- Born: 820 Baalbek, Abbasid Caliphate, now Baalbek District, Beqaa Governorate, Lebanon
- Died: 912 (aged 92) Armenia
- Occupations: Physician, scientist, translator
- Writing career
- Years active: 840–912
- Period: Abbasid period
- Notable works: Risalah fī Auja Al Niqris, Rislah fī al Nabidh, Kitāb fī al‐ʿamal bi‐ʾl-kura al‐nujūmiyya, Hayʾat al‐aflāk, Kitāb al‐Madkhal ilā ʿilm al‐nujūm, Kitāb al‐Madkhal ilā al‐hayʾa wa‐ḥarakāt al‐aflāk wa‐ʾl‐kawākib, Kitāb fī al‐ʿamal bi‐ʾl‐asṭurlāb al‐kurī, Kitāb fī al‐ʿamal bi‐ʾl‐kura dhāt al‐kursī,

= Qusta ibn Luqa =

Lebanese physician and philosopher (820–912)
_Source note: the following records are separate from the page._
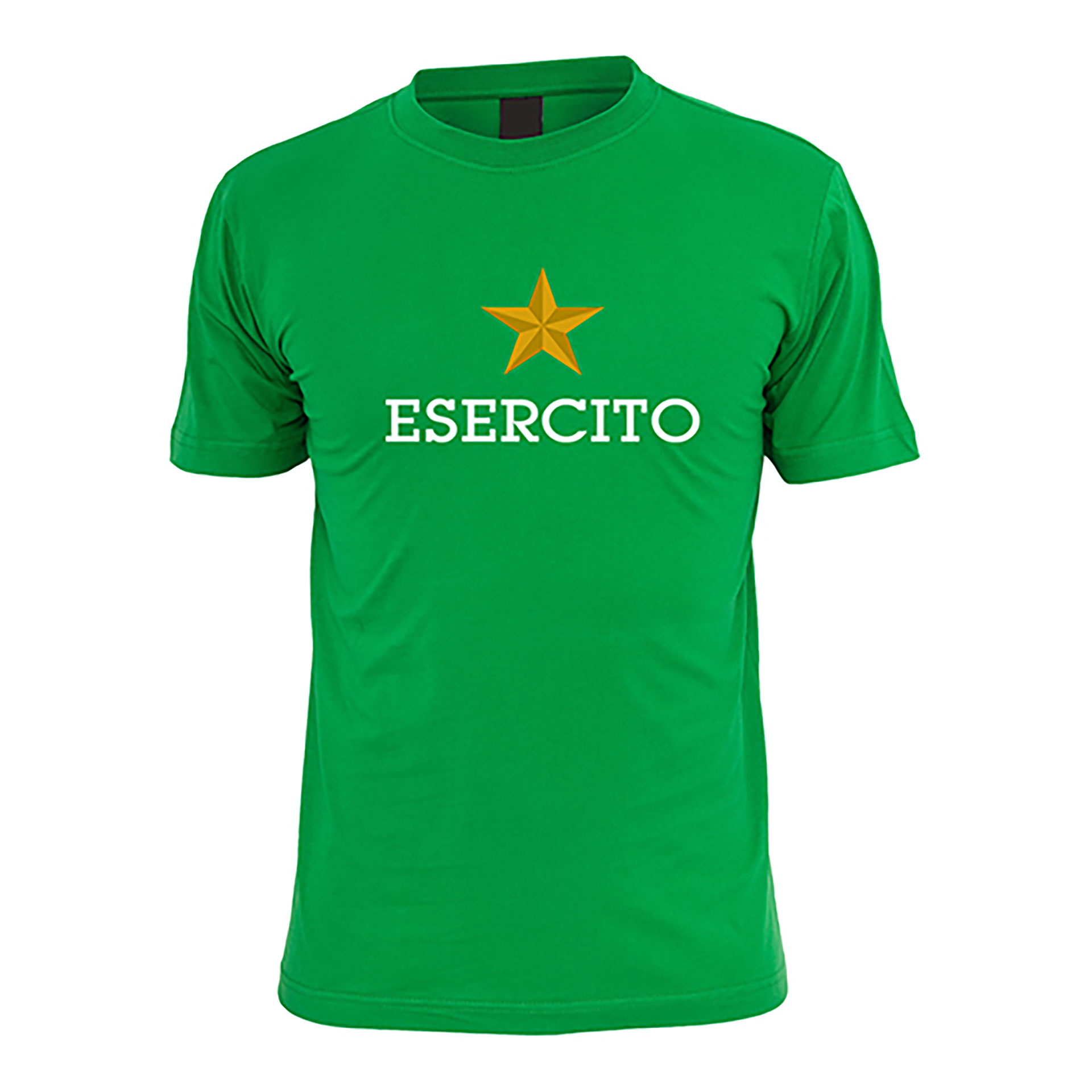 T-SHIRT COTONE MANICA CORTA VERDE ESERCITO ITALIANO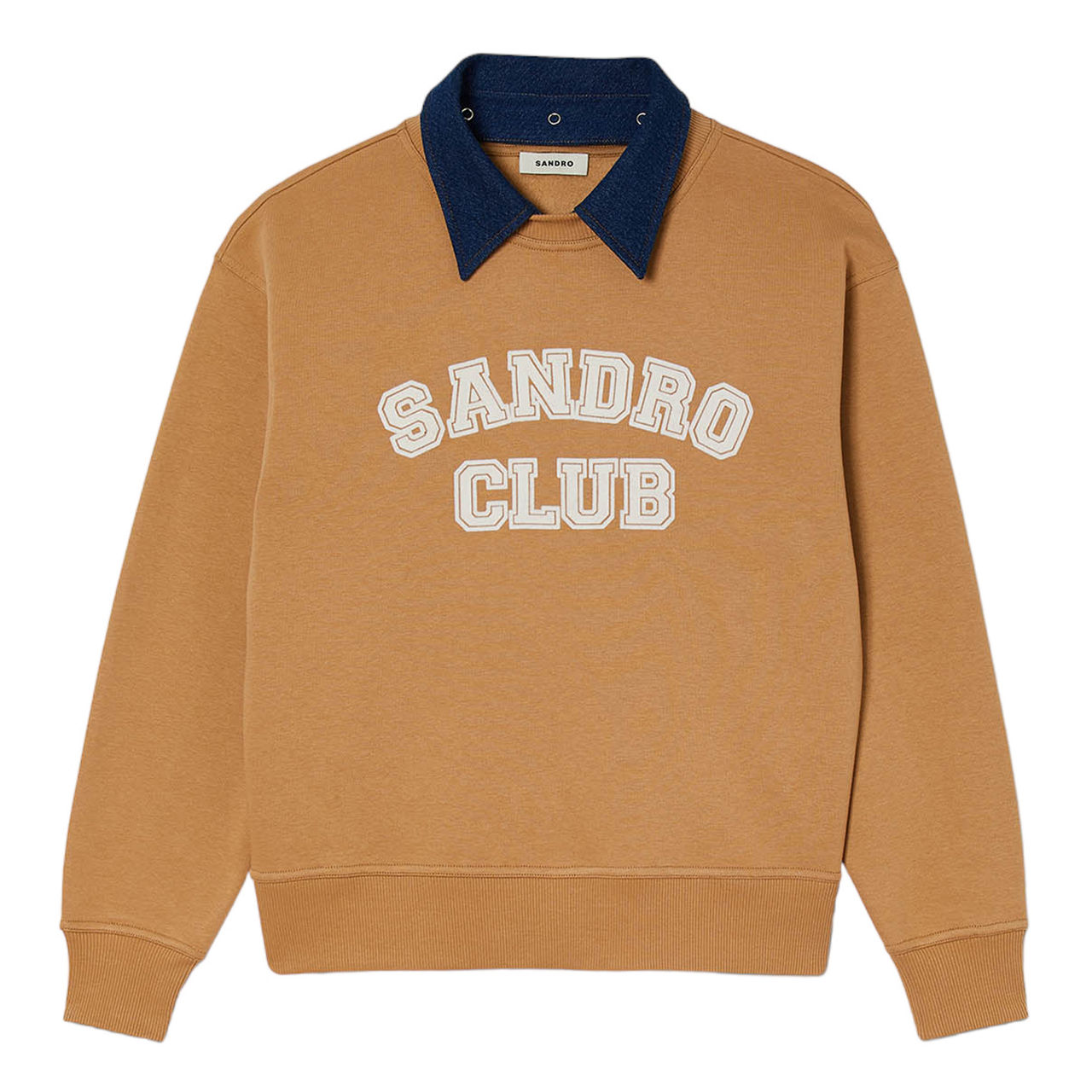 Sandro cardigan with contrasting on sale slogan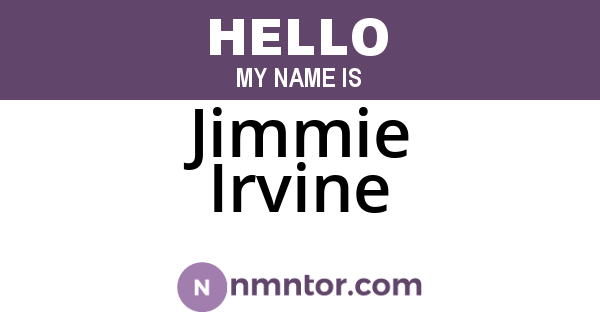 Jimmie Irvine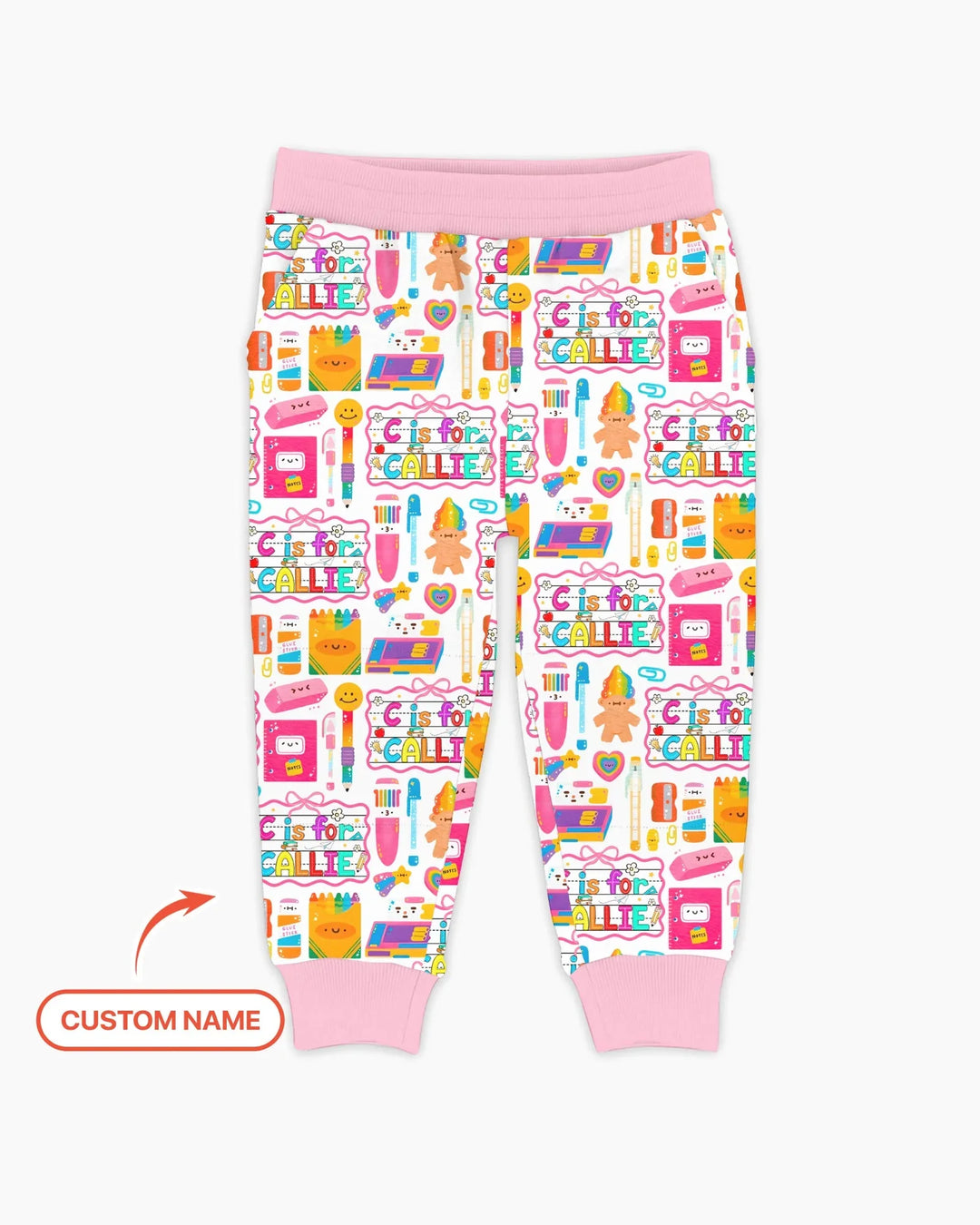 Custom Name Classroom Cuties Bamboo Jogger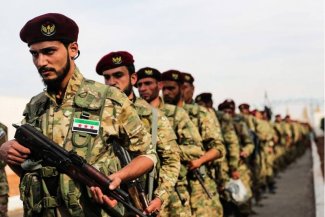 Turkish-backed free Syrian army soldiers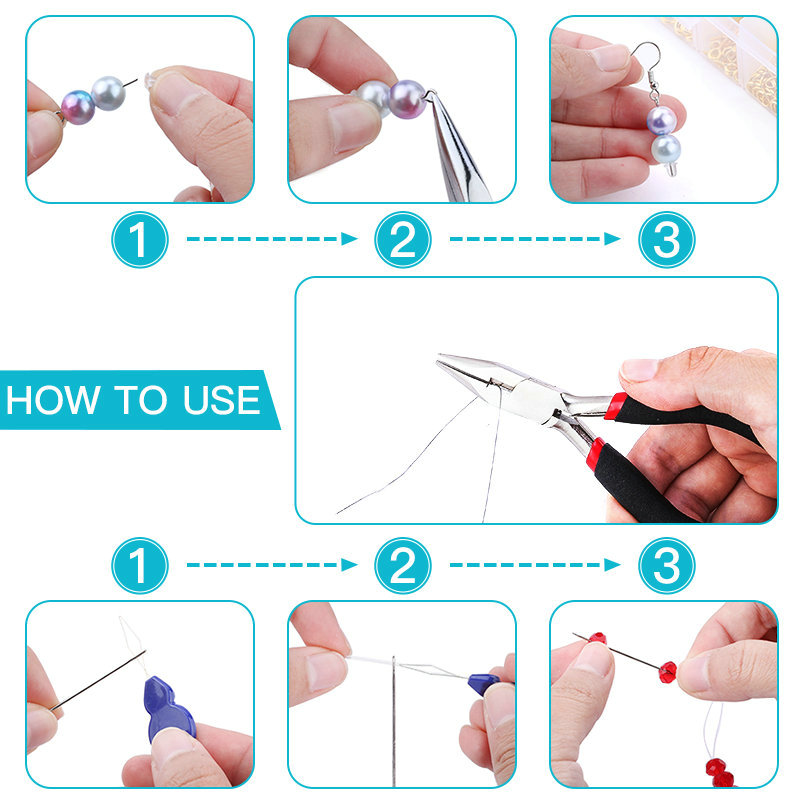 Kit perlengkapan pembuatan per - Jewelry Making Pliers Set ulasan dan harga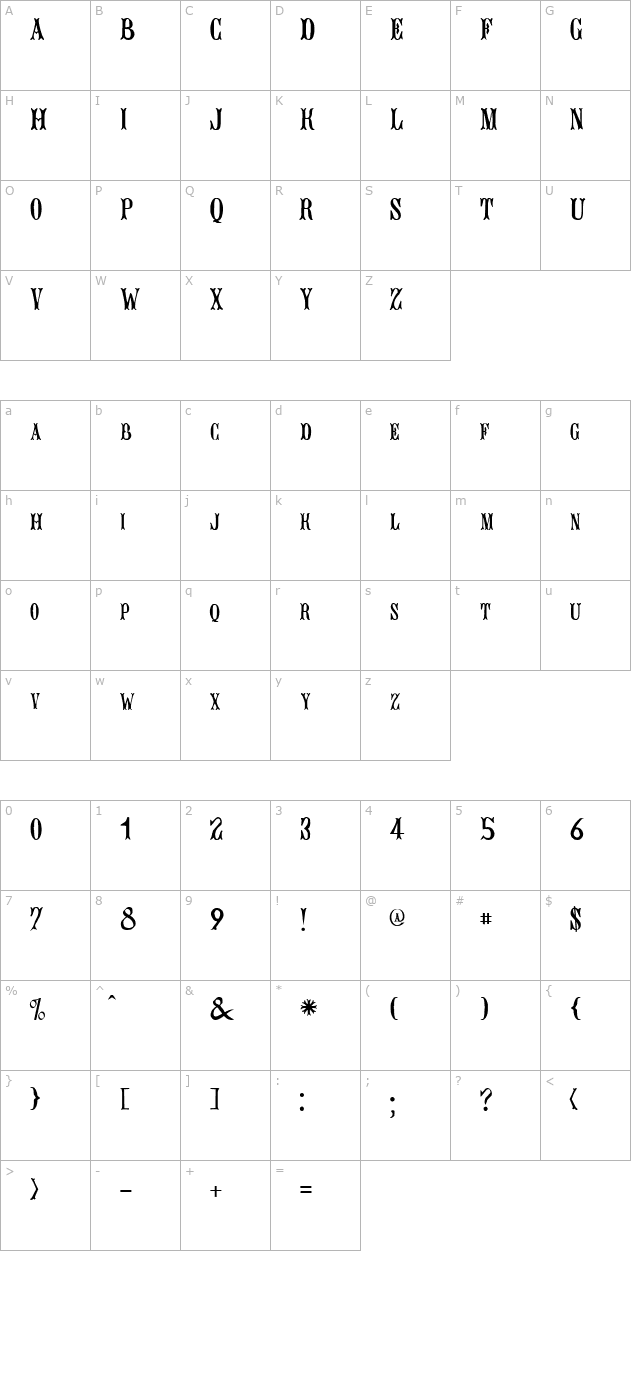 bujardetfreres character map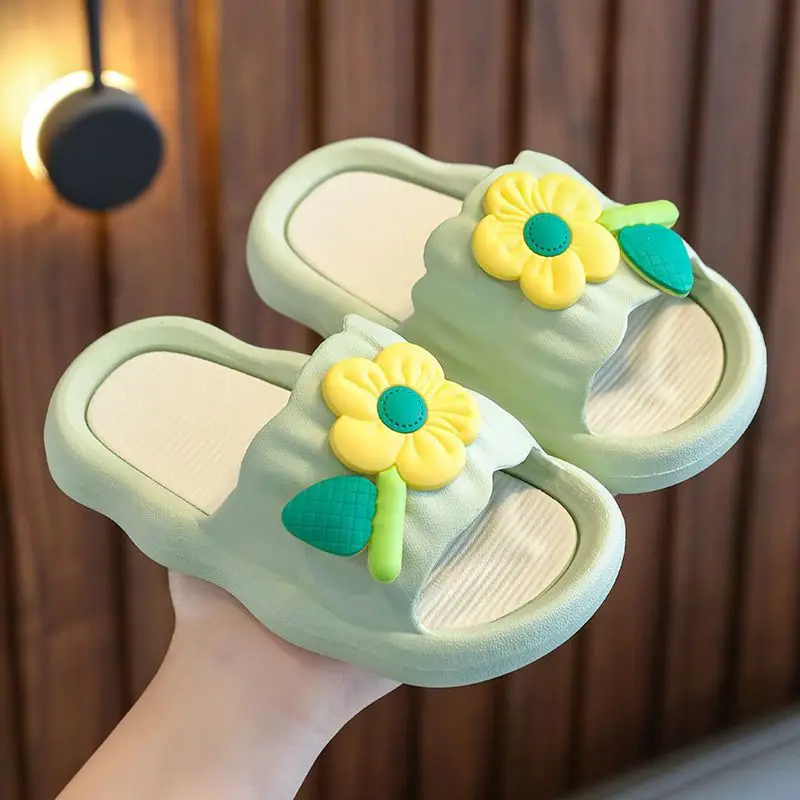 Children's bow slippers Cute cartoon sandals Creative beach shoes Women's slippers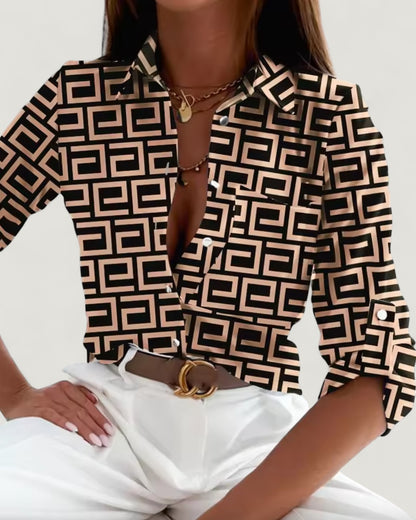 Linn | Elegant och färgglad blus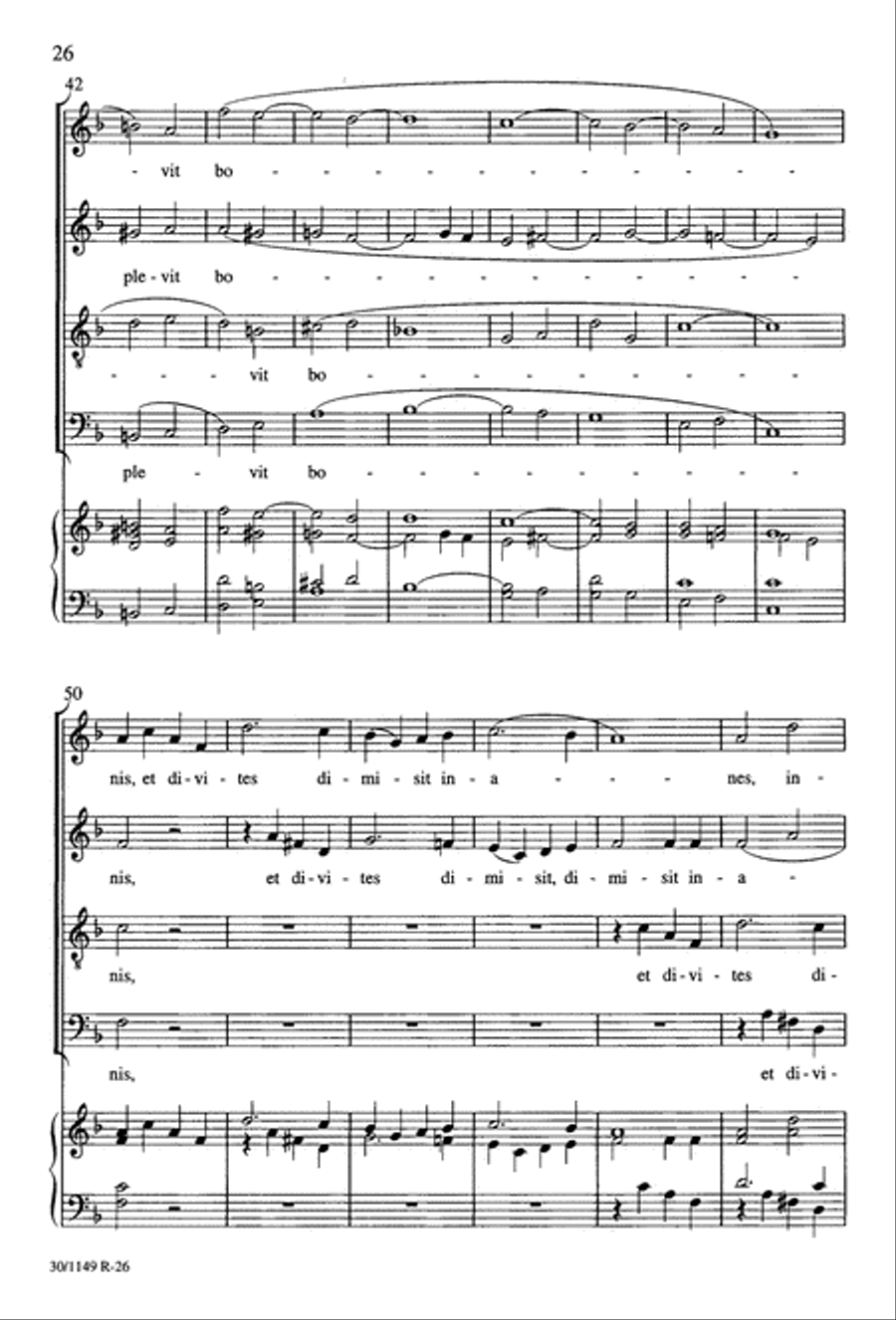 Magnificat in F - Choral Score 4-Part scores gallery preview page 36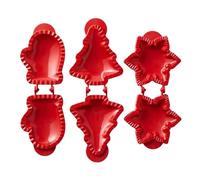 Mini Pie Maker | 3 Pièces Moule à Biscuits Noël | Forme Pie Arbre Gants Flocon de Neige pour Maison Camping Fête | Adultes Famille Réunions Cuisine Cuisine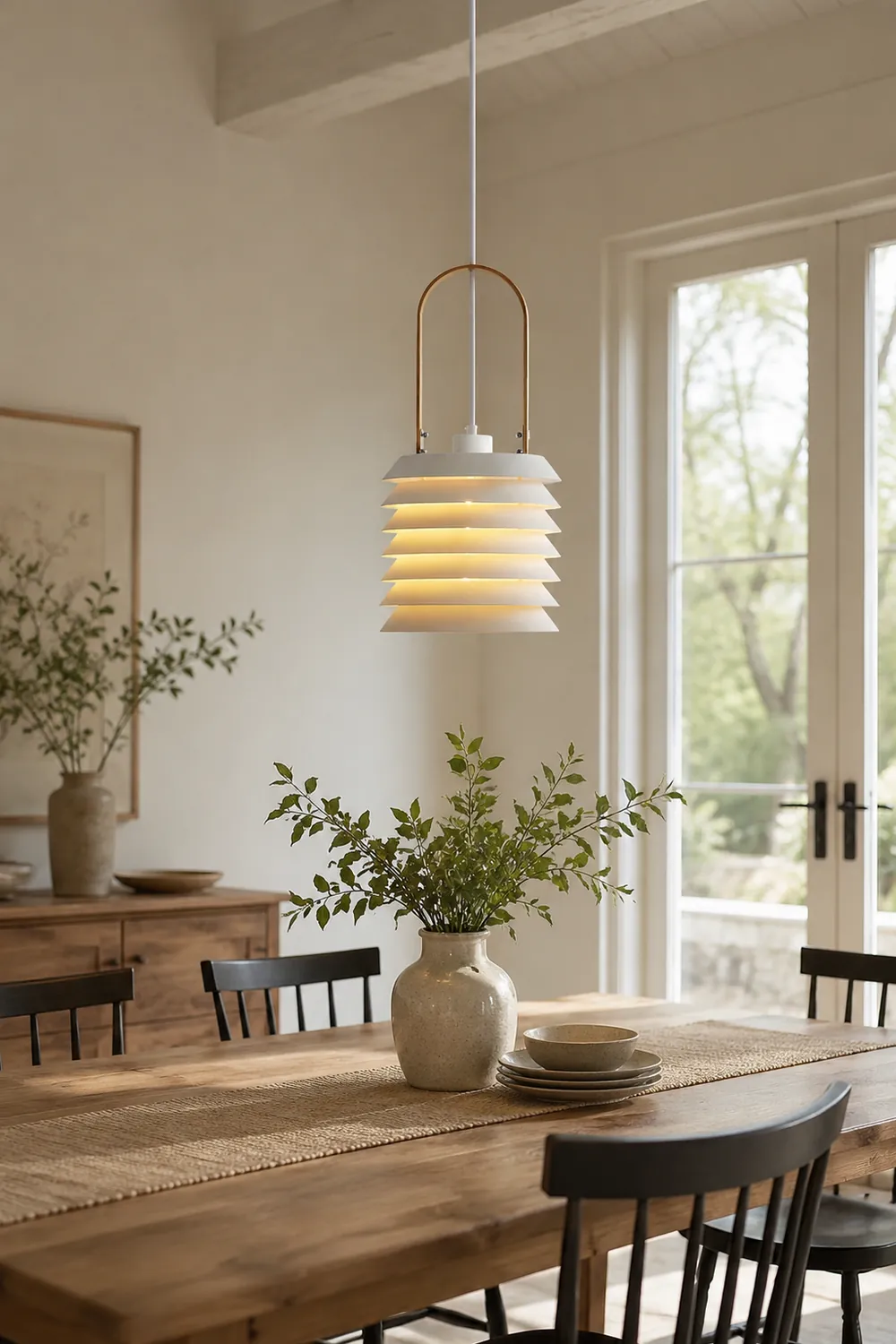 Minimalist Lantern Pendant Lamp - Lumpaz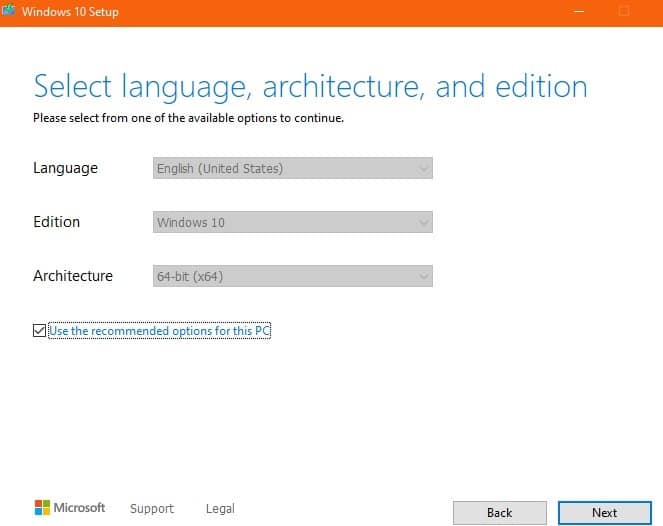 Windows10 Clean Install Language Edition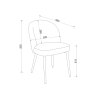 Gallery Collection Cleo - Green Chenille Fabric Dining Chair with Black Legs (Pair)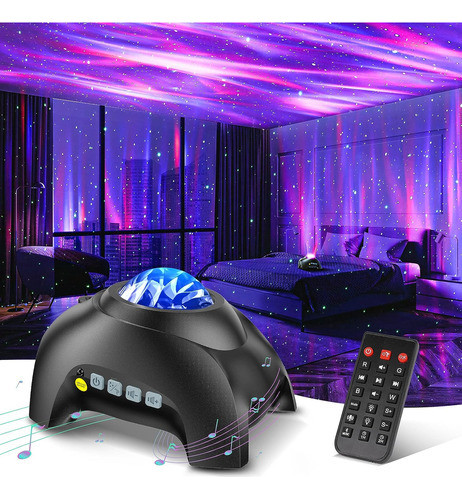 Proyector De Estrellas Con 33 Efectos Y Altavoz Bluetooth 1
Qusta ibn Luqa (قسطا ابن لوقا, "Costas son of Luke"), also known as Costa ben Luca or Constabulus (820–912) was a Melkite Christian physician, philosopher, astronomer, mathematician and translator. He was born in Baalbek. Travelling to parts of the Byzantine Empire, he brought back Greek texts and translated them into Arabic.

==Personal life==
Qusta ibn Luqa al-Ba'albakki originated from Baalbek (or Heliopolis), now in Lebanon. A Melkite Christian, he was born in 820 and flourished in Baghdad. He was a philosopher, physician, mathematician and astronomer. He died in Armenia, likely circa 912.

==Translations==
Qusta ibn Luqa produced, personally revised, or supervised the translations of a number of works. These include works by Diophantus, Theodosius of Bithynia's Spherics, On Days and Nights, and On the places of habitation, Autolycus's On the moving sphere and On Risings and Settings, Hypsicles's On Ascensions, works by Aristarchus, Theophrastus’s Meteora, Galen’s catalogue of his books, Hero of Alexandria's Mechanics, and works by John Philoponus.

He wrote commentaries on Euclid and a treatise on the armillary sphere. He was a prominent figure in the Graeco-Arabic translation movement that reached its peak in the 9th century. At the request of wealthy and influential commissioners, Qusta translated works on astronomy, mathematics, mechanics and natural science from Greek into Arabic.

==Original works==
More than 60 treatises are attributed to Qusta. He wrote mainly on medical subjects, but also on mathematics and astronomy. Only a small number of his works have been published. The extant editions of medical works show that he was thoroughly acquainted with Hippocratic-Galenic humoral medicine—the theoretical system that constituted the basis of formal medicine in Islam.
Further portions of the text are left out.